Potrei stare qui a citare Pamplona di Fabri Fibra e i Thegiornalisti, o la stessa Riccione di questi ultimi. Potrei tirare in ballo il classico, ormai, Rovazzi con Volare o Senza pagare di Fedez e J Ax. Potrei infilare una dietro l’altra L’esercito dei selfie di Arisa e Fragola, Partiti adesso di Giusy Ferreri o Pezzo di me di Levante e Max Gazzè, brano che sulla merda gioca e che in effetti ne ha pieno titolo. Potrei, ma in realtà non voglio niente di tutto questo. Non voglio perché se la musica di merda è musica di merda lo è anche per l’enorme copertura mediatica che questa musica ha.

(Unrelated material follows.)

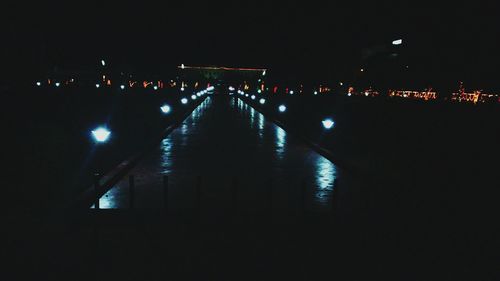 Illuminated tunnel at night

Di fronte a tanta bruttezza tocca giocare d’anticipo, e mettere in campo una strategia precisa e specifica. Quindi, da una parte ignorare tutto quello che pretende o semplicemente ottiene di essere la colonna sonora della nostra estate. Far proprio finta che non esista, voltarsi e via. Dall’altra controprogrammare musica di qualità e farla coi mezzi che abbiamo a disposizione. Alla guerra come alla guerra.
Eccomi quindi a suggerirvi una serie di lavori da ascoltare come colonna sonora questa estate, nella speranza che dove andrete in vacanza la radio non prenda e anche youtube sia in qualche modo andato a puttane.

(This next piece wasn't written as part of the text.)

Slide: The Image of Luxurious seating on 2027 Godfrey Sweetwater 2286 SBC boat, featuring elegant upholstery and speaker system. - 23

Ma siccome suggerire non basta, faccio di più. Questo sarà il mio ultimo articolo, almeno per un po’ di giorni, di settimane. Mi faccio da parte, perché so bene che anche le polemiche e le stroncature finiscono per fare pubblicità alla musica di merda maltrattata e stroncata. Niente di tutto questo. Mi faccio da parte e metto i miei social a disposizione proprio degli artisti che intendo contrapporre alla musica di merda, poi vi dirò come.

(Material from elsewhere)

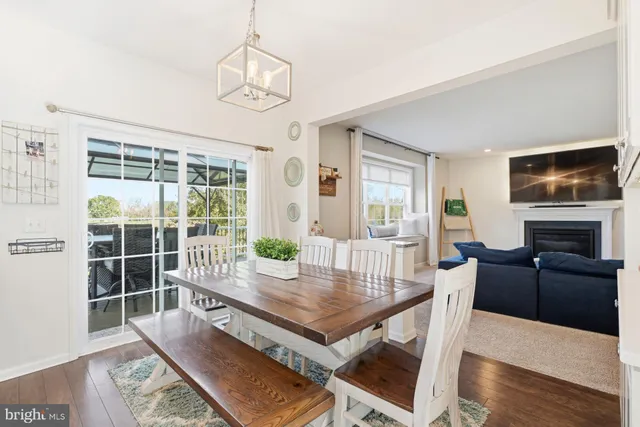 a view of a livingroom with furniture window and wooden floor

«Di fronte a tanta bruttezza tocca giocare d’anticipo, e mettere in campo una strategia precisa e specifica. Quindi, da una parte ignorare tutto quello che pretende o semplicemente ottiene di essere la colonna sonora della nostra estate»
Bella musica, quindi.
Siccome proprio in questi giorni si dibatte di come stia girando tanta bella musica in Italia oggi, intendendo con questa quella che per consuetudine viene indicata come musica indie, e siccome proprio pochi giorni fa è stato lanciato uno speciale a riguardo di Gianni Santoro su Robinson, il settimanale culturale di Repubblica, e siccome ritengo che la musica indie sia in buona parte a pieno titolo musica di merda e che molte delle risposte date dagli artisti intervistati da Santoro spieghino anche perché la loro musica è musica di merda, e siccome, poi chiudo, tutti i nomi citati sono ovviamente nomi di uomini, ho arbitrariamente deciso che per salvarci dalla musica di merda servono donne, e nello specifico cantautrici.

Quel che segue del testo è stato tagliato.